I’m a sci-fi nut, love it to bits, and yet in my list of top films ever sci-fi fares poorly. Whether I’m just too picky or whether there are genuinely few epic sci-fi movies I don’t know. What I do know is that 2009 was a great year for sci-fi and today’s choice reflects just that. Worthy of mention with the likes of Silent Running, Blade Runner, Solaris and 2001: A Space Odyssey today’s choice reflects the ability of movies to make you think and wonder about ideas bigger than yourself.
The third best movie released in Ireland in 2009 is…
Astronaut Sam Bell lives and works on the moon, sounds like a dream job but is it? Isolated from his family for the past three years his mission is almost at an end. With nobody else stationed at the base his only companion is a robotic assistant named GERTY. Communication with his loved ones back home is sporadic at best, with only taped conversations being relayed. During a routine drive of the lunar rover Sam suffers an accident. Waking up in the infirmary he has no idea how he got there or more worrying why he is now seeing somebody that cannot possibly be there.
Why it is worthy: The performance of Sam Rockwell is staggeringly good, in all honesty it should but probably won’t garner him an Oscar nomination. As the physical and emotional centre-point for the entire film Rockwell delivers as fine a performance as is likely to be seen this year. He commands the screen with a poignant and moving portrayal of a man isolated from everyone and going slightly mad. The look of the movie is magnificent, all dazzling whites and ominous blacks. the movie in both look and theme hark back to an older time in science-fiction, a time when the stories were about wonderment and solitude. It’s unabashedly old-fashioned but it’s also very real and very familiar. The slow camera and the beautiful piano score from Clint Mansell add to the sense of isolation but it’s the little human things, the crumpled Post-Its, the furry dice in the lunar rover, that make this movie so accessible and so captivating. The twist half-way through stop this from being an existential character study a lá Solaris and turn it into something much more. It’s the quintessential human tragedy and we’re all invited to the show.

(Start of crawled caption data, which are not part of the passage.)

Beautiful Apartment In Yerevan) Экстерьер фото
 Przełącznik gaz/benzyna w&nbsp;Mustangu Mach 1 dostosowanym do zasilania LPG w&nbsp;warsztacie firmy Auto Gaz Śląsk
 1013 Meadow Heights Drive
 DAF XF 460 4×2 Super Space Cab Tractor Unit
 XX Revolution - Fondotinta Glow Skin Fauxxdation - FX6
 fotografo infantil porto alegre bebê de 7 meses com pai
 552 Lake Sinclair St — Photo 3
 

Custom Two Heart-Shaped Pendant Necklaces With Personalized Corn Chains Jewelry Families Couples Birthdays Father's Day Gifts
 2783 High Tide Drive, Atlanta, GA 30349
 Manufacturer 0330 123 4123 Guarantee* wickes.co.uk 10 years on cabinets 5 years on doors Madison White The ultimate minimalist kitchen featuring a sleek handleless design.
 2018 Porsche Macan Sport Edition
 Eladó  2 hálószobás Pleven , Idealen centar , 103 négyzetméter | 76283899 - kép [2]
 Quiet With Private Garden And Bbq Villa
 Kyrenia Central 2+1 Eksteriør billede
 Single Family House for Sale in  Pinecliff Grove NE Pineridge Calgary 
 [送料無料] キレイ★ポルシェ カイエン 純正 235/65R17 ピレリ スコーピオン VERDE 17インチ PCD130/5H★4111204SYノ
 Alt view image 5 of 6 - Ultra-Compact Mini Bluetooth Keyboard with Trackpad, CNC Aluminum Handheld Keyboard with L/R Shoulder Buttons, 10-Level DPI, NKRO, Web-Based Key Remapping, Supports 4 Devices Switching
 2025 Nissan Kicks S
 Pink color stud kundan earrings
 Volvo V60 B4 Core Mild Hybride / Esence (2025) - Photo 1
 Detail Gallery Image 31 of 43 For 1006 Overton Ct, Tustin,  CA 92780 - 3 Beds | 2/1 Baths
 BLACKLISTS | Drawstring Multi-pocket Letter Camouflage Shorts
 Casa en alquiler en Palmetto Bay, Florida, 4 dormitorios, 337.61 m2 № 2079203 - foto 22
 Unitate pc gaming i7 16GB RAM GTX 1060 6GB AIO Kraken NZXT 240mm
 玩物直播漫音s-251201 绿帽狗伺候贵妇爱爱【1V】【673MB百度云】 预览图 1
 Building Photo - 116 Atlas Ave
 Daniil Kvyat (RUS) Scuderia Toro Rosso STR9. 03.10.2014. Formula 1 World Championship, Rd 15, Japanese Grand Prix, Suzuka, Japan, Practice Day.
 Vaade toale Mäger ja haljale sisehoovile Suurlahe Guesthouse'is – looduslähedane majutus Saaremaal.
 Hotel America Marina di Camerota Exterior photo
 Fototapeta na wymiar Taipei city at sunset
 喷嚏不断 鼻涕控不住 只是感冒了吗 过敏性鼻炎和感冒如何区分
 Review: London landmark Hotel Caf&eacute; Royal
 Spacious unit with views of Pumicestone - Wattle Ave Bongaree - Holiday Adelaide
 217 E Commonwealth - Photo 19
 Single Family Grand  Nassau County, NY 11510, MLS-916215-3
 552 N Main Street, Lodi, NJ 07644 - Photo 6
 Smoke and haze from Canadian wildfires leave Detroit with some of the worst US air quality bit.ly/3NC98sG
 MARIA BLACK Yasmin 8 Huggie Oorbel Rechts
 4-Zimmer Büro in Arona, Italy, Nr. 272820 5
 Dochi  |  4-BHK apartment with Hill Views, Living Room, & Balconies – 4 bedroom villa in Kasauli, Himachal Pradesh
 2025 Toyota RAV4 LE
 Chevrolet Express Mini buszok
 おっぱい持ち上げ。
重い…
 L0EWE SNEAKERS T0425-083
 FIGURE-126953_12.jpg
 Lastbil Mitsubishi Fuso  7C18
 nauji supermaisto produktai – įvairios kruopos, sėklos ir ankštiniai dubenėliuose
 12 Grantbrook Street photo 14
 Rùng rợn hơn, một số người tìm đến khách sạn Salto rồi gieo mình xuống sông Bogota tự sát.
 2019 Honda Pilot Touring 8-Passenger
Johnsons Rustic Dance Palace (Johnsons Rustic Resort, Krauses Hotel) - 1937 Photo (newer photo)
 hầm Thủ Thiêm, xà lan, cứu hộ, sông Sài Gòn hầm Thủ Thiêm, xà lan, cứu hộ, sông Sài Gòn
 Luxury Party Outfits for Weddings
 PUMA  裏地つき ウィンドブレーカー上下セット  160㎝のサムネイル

Fatal flaws: The minuscule budget, $5 million, means that some things just weren’t financially feasible and parts of the movie suffer as a result. Viewers who like their sci-fi served with a side of fizz-bang-wallop are going to sorely disappointed, in fact they may even be bored by it. At 97 minutes the movie stretches it’s marginal plot to almost breaking point and some of the tension is lost. The corporate machine as a bad guy is a little vague and ambiguous. The nature of Sam’s intruder too is somewhat mundane. It doesn’t entirely make sense and perhaps the reveal comes too quickly to have the impact it was looking for.
Verdict: An intelligent, thoughtful and thought-provoking piece of good old-fashioned sci-fi Moon shows you don’t need big budget or fancy effects to create truly great cinema.
The Countdown
25. This Is It
24. Adventureland
23. Drag Me To Hell
22. Anvil
21. In the Loop
20. Watchmen
19. The Hangover
18. Coraline
17. Public Enemies
16. (500) Days of Summer
15. Harry Brown
14. The Wrestler
13. Fantastic Mr. Fox
12. The Curious Case of Benjamin Button
11. The Hurt Locker
10. A Serious Man
9. Let The Right One In
8. Gran Torino
7. Zombieland
6. Inglourious Basterds
5. UP
4. Star Trek
Yep - absolutely. What an amazing film. This and Let the Right One In were my big surprise movies this year. They came out of nowhere and were a breath of fresh air.
Simplu stunning movie. And I think I disagree a bit. For a true sci-fi fan the budget is somewhat incidental to the story-telling. I really believe this film benfited by a limitation of budget. It streamlined the movie and focused on the story and character(s)
Sam Rockwell is really at his best here. A VERY under-rated actor in my opinion.